**Supplied material:**
+++++

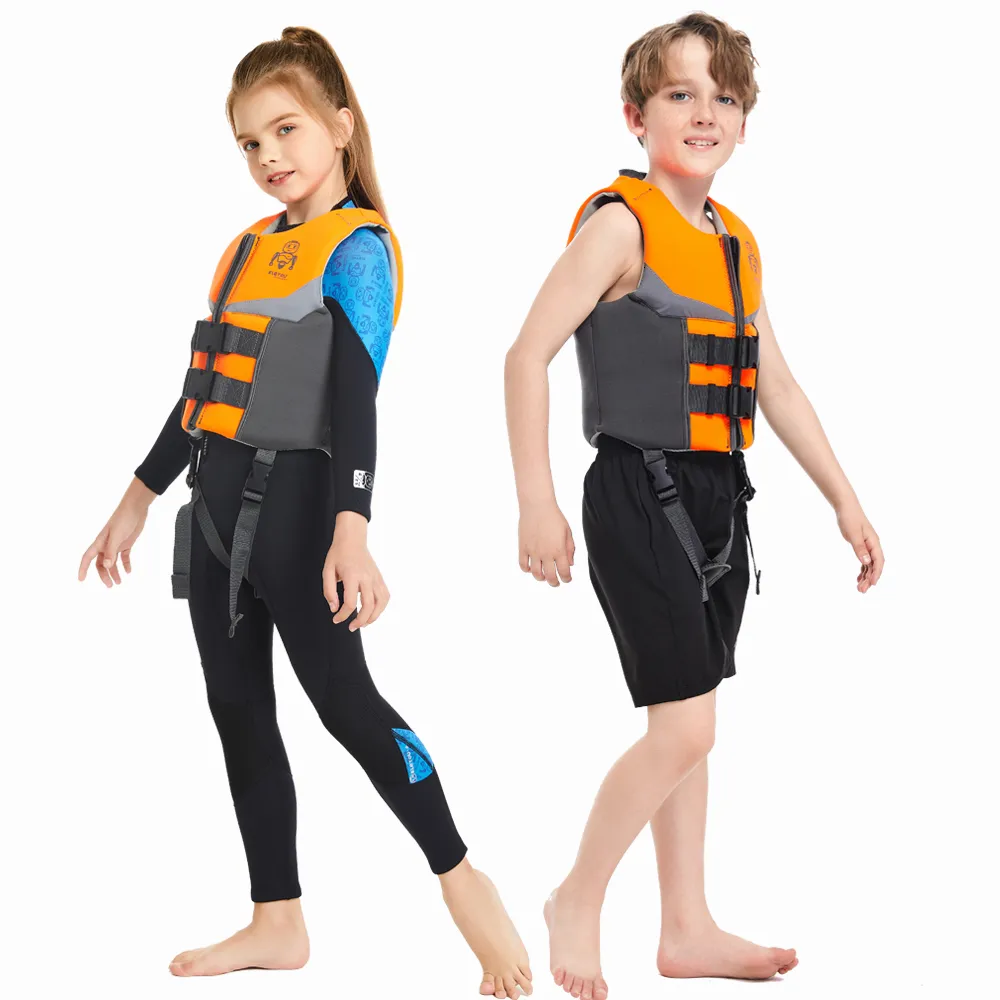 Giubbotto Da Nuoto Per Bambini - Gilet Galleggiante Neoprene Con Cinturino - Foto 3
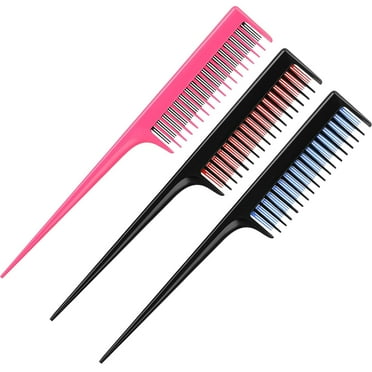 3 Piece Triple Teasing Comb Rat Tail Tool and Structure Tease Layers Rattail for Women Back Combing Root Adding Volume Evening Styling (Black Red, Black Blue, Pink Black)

+++++

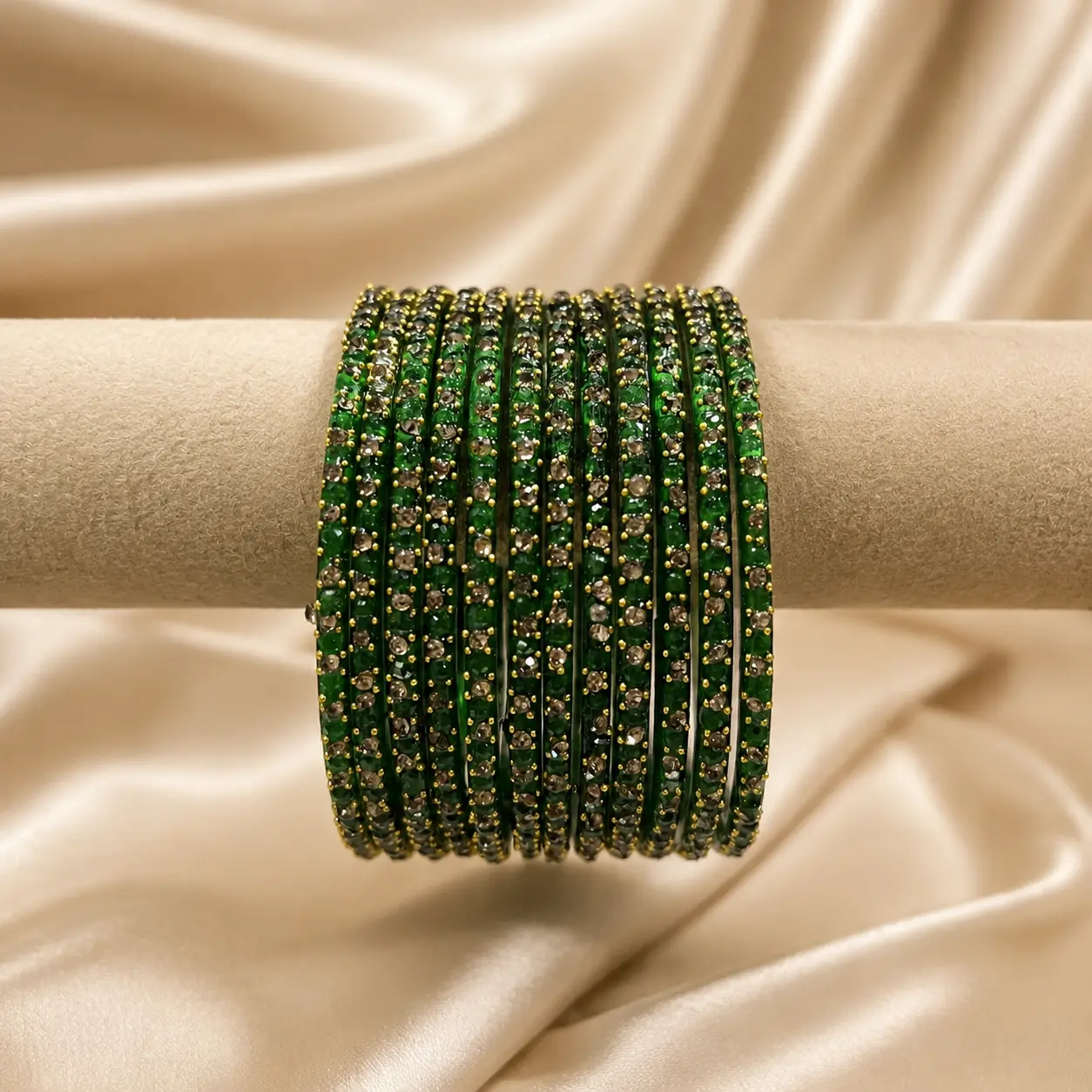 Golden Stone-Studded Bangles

+++++

**What the exercise asks:**
Output exactly the lines of the listing above that start with the one holding "Giubbotto Da Nuoto" and go on through the one holding "3 Piece Triple"; leave the pictures out.

**Expected answer:**
 Giubbotto Da Nuoto Per Bambini - Gilet Galleggiante Neoprene Con Cinturino - Foto 3
 3 Piece Triple Teasing Comb Rat Tail Tool and Structure Tease Layers Rattail for Women Back Combing Root Adding Volume Evening Styling (Black Red, Black Blue, Pink Black)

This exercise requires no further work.